The Commission published the findings of the Digital Fairness Fitness Check, which evaluates whether the current EU consumer protection laws are fit for purpose to ensure a high level of protection in the digital environment. The Fitness Check covered three core Directives: the Unfair Commercial Practices Directive, the Consumer Rights Directive, and the Unfair Contract Terms Directive. The results show that these rules remain both relevant and necessary to ensure a high level of consumer protection and effective functioning of the Digital Single Market. However, it also shows that consumers behave differently online than offline. Moreover, technological developments and increased tracking of online behaviour enable businesses to more effectively persuade consumers online. This highlights the need for rules that are better adapted to the specific harmful practices and challenges that consumers face online.
Key findings
- The three Directives have provided a degree of regulatory certainty and consumer trust to support the development of a diverse digital market, but consumers do not always feel fully in control of their online experience due to practices such as:
- dark patterns in online interfaces that can unfairly influence their decisions, for example, by putting unnecessary pressure on consumers through false urgency claims;
- addictive design of digital services that pushes consumers to keep using the service or spending more money, such as, gambling-like features in video games;
- personalised targeting that takes advantage of consumers’ vulnerabilities, such as showing targeted advertising that exploits personal problems, financial challenges or negative mental states;
- difficulties with managing digital subscriptions, for example, when companies make it excessively hard to unsubscribe;
- problematic commercial practices of social media influencers. Some of these practices may already go against existing EU consumer law and other EU law, for example, the Digital Services Act and the Audiovisual Media Services Directive.

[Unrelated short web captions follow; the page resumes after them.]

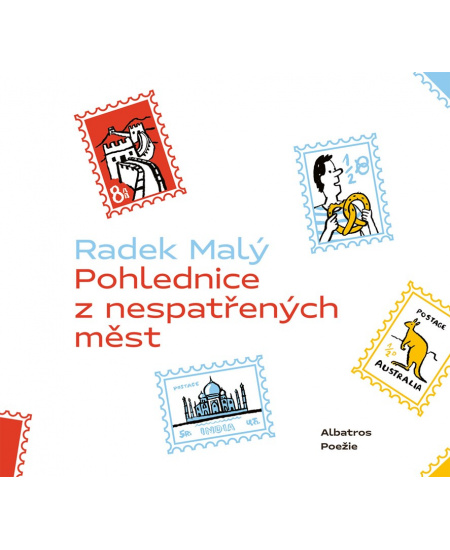 Levně Pohlednice z nespatřených měst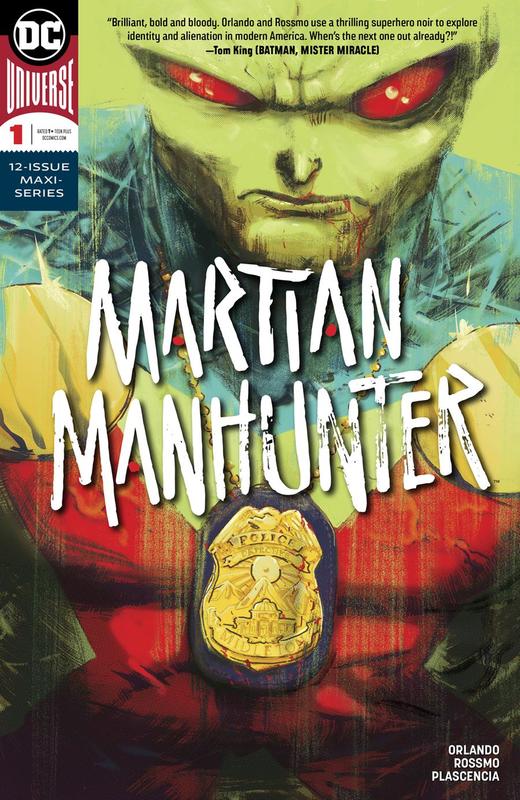 火星猎人 V5 主刊 Martian Manhunter V5 （2019）普封 商品图11
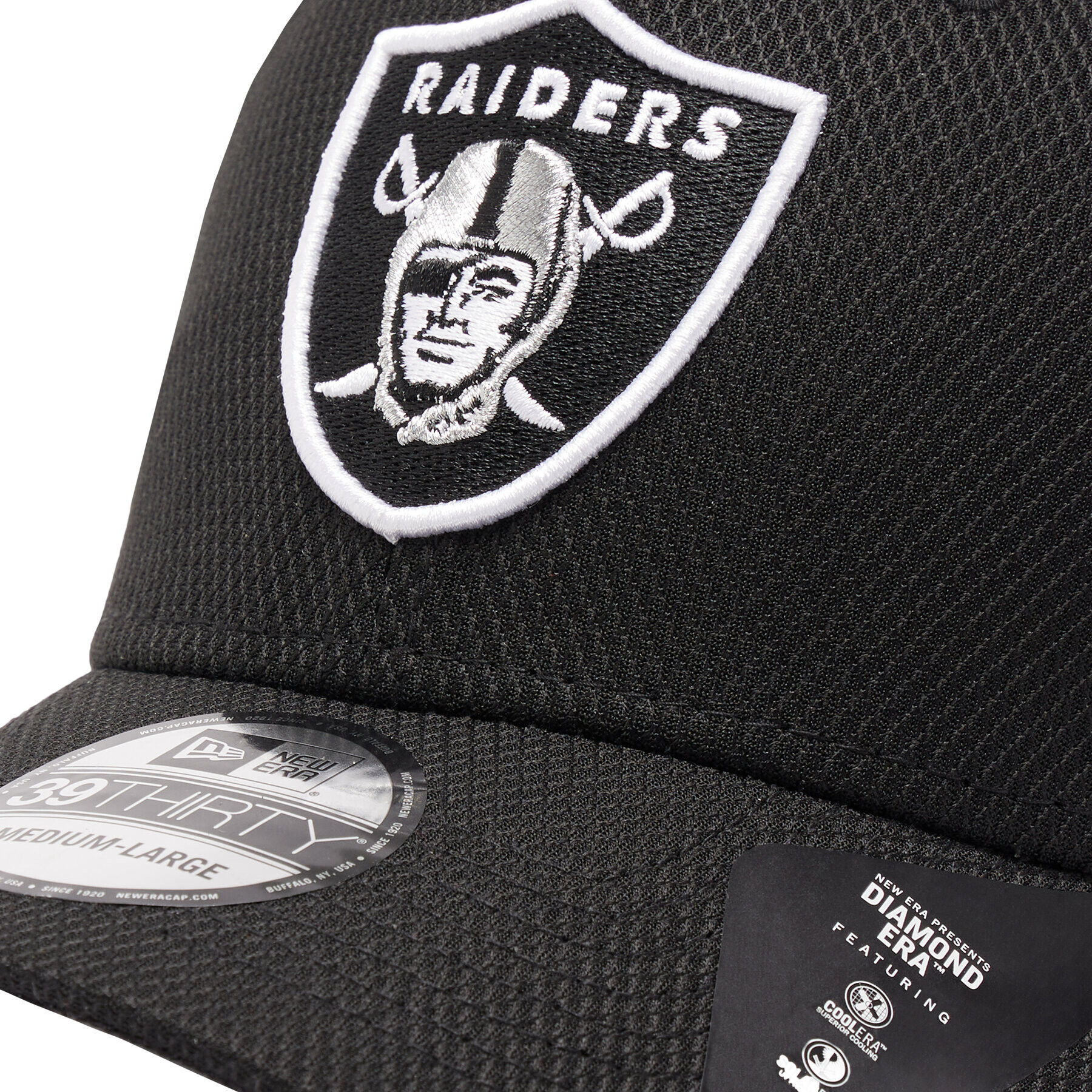 New Era Šiltovka Las Vegas Raiders Diamond Era 39Thirty 60240417 Čierna - Pepit.sk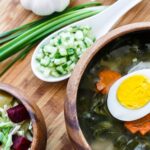 Зелёный борщ: классический рецепт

- Consumers are losing time and money – the various harmful commercial practices online cost EU consumers at least €7.9 billion per year. At the same time, the cost for businesses to comply with EU consumer law is much lower, not exceeding €737 million per year.
- Fragmented national laws: The effectiveness of EU consumer protection is undermined by insufficient enforcement , legal uncertainty, the increasing risk of regulatory fragmentation across Member States’ national approaches, and the lack of incentives for businesses to aim for the highest standard of protection.
The Fitness Check shows that we need to take further action to make the digital environment fair for consumers. This includes tackling the most harmful practices such as dark patterns. Increased legal certainty could prevent regulatory fragmentation and promote fair growth. There is scope for simplifying existing rules, without compromising the level of protection. It is also fundamental to ensure the coherent application and effective enforcement of EU consumer law and the EU digital rulebook, including the Digital Services Act, which prohibits several unfair practices on online platforms. All of this will be on the Commission’s agenda in the upcoming mandate.
Next steps
The Fitness Check provides a state of play and points to areas for improvement, which can be further analysed and built upon in the future. It does not establish recommendations on the exact format and content of future Commission action. The Commission consulted the public through several consultation activities, including a Call for Evidence and a public consultation.
In the mission letter addressed to Commissioner-designate for Democracy, Justice and the Rule of Law, President von der Leyen refers to the need to develop “a Digital Fairness Act to tackle unethical techniques and commercial practices related to dark patterns, marketing by social media influencers, the addictive design of digital products and online profiling especially when consumer vulnerabilities are exploited for commercial purposes”.